Episode 73 (Nanajusan dan), from the series "Tales of Ise for the Asakusa Group (Asakusagawa Ise Monogatari)"
by Kubo Shunman
- Date:
- c. 1812
- Medium:
- Color woodblock print; shikishiban, surimono
- Source:
- Art Institute of Chicago
Description
Episode 73 (Nanajusan dan), from the series Tales of Ise for the Asakusa Group (Asakusagawa Ise Monogatari), is a [shikishiban](/glossary/shikishiban) [surimono](/glossary/surimono) in the Art Institute of Chicago dated to around 1812. It comes from a series in which Shunman illustrated episodes from the Ise monogatari - the tenth-century anthology of poetic tales centered on the legendary lover-poet Ariwara no Narihira - for the Asakusa kyoka circle, the same group for which he produced the Asakusagawa Tsurezuregusa series.
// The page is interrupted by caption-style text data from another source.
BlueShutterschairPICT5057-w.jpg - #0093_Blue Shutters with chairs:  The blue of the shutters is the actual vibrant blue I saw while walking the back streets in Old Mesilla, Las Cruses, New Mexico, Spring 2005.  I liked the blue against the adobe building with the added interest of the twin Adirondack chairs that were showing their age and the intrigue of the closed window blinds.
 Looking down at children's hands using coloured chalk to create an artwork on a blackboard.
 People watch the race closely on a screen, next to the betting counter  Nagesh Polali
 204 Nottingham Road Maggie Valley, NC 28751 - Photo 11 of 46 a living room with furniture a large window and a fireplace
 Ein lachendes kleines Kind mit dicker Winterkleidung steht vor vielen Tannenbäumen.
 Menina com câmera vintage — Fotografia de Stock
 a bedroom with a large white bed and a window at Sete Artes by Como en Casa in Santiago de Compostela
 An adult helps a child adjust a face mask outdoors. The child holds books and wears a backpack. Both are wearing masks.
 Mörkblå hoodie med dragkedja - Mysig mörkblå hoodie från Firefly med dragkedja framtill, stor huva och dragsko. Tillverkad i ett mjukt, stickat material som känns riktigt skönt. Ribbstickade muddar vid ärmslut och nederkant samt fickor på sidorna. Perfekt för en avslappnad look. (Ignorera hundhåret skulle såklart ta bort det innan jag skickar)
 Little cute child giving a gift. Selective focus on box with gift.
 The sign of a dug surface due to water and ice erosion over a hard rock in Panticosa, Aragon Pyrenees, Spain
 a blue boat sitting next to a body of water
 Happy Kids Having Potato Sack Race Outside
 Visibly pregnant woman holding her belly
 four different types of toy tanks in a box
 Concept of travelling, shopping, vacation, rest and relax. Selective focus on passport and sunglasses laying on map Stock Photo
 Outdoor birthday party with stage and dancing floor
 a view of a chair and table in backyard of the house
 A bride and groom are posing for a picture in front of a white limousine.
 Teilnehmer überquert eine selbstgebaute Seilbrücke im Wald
The Ise monogatari was one of the most foundational classical texts in Japanese literature and a favorite source for poetic illustration across the centuries; for late-Edo kyoka poets, who delighted in classical reference, an illustrated Ise series was both a homage to the original and an opportunity for new commentary. Episode 73 of the Tales of Ise would have been illustrated in Shunman's characteristic spare, suggestive manner, the figures or landscape distilled into a single decisive image and the kyoka inscriptions above offering poetic commentary on the original waka. The 1812 dating places the print in the late phase of Shunman's career, when his work was at its most refined and his collaboration with the Asakusa group was at its most sustained. The Art Institute of Chicago's holding of this and related Tales of Ise sheets allows the project to be studied alongside the Tsurezuregusa series, the two together forming the most ambitious classical-illustration projects in Shunman's surimono output.